Les jours brûlants / Laurence Peyrin – Editions Calmann Levy – mars 2020 – 324p

Lola lit Broadway ♥

Broadway c’est l’histoire d’un type -père de famille, marié, vie routinière dans une maison en lotissement entre barbecues de voisinage et apéros avec les copains- qui reçoit un courrier de la CPAM l’invitant à faire pratiquer un test de dépistage du cancer colorectal pour ses 50 ans. Or il n’a que 46 ans. Incompréhensible ! Entre angoisse et colère, Axel imagine toutes les raisons pour lesquelles il a reçu cette enveloppe bleue si compromettante. Parallèlement son adolescent de fils se fait choper au lycée alors qu’il a dessiné 2 de ses profs s’adonnant à une levrette et c’est à lui de gérer la situation.
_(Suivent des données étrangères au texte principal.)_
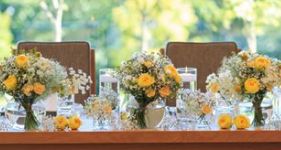 AMANDAN SKY(アマンダンスカイ)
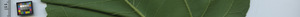 leafstrip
Axel passe son temps à se faire des films, à se jouer ou se rejouer les scènes de sa vie : comment il aurait dû, ce qu’il aurait pu faire ou dire, avec son voisin, ses copains, la prof… Parce que 46 ans, c’est presque l’heure de l’enveloppe bleue mais c’est surtout l’heure des bilans, mises au point, remises en questions et autres interrogations de milieu de vie. Et si c’était l’heure de vivre enfin comme à Broadway ?
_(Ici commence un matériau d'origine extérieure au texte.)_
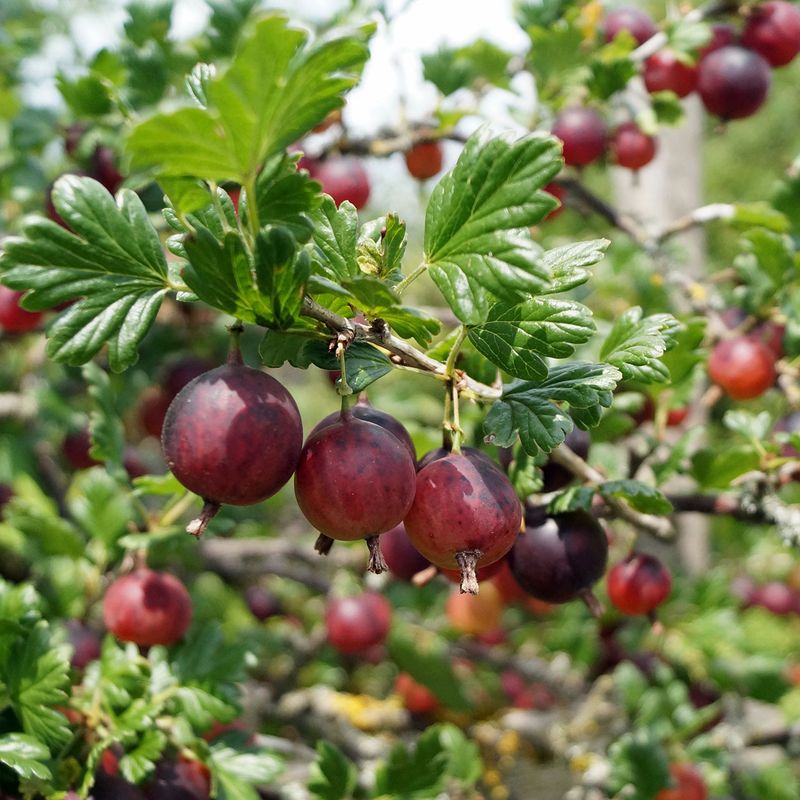 Stikkelsbær, rød Ribes uva-crispa Hinnonmaki -1 plante i 9cm potte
C’est tellement drôle et plutôt bien écrit. Un bon roman qui fait beaucoup de bien ! ♥


Broadway / Fabrice Caro – Editions Gallimard – août 2020 – 208p

 

Lola lit La république du bonheur

Kamakura est une charmante petite ville côtière au sud de Tokyo, c’est là que vit Hatoko dite Poppo. Elle y tient la papeterie Tsubaki, héritée de sa grand’mère, où elle est aussi écrivain public. Cette année est très particulière pour Poppo puisqu’elle vient d’épouser Mitsurô et de ce fait se retrouve maman de la petite Haru. Poppo aime profondément la petite fille, elle prend son rôle de maman très à cœur, et découvre le bonheur d’une vie de famille dont elle a cruellement manqué dans son enfance, ayant été élevée sévèrement par sa grand’mère. Elle est très bien accueillie par ses beaux-parents auxquels elle rend visite avec son gentil époux et son adorable petite belle-fille, elle est acceptée comme épouse et comme maman remplaçante de Miyuri, décédée. Poppo, plutôt solitaire, doit s’habituer à sa nouvelle vie où tout est partagé, l’espace et le temps. Parallèlement, elle continue à écrire des lettres d’amour, de rupture, de souvenirs pour ses clients.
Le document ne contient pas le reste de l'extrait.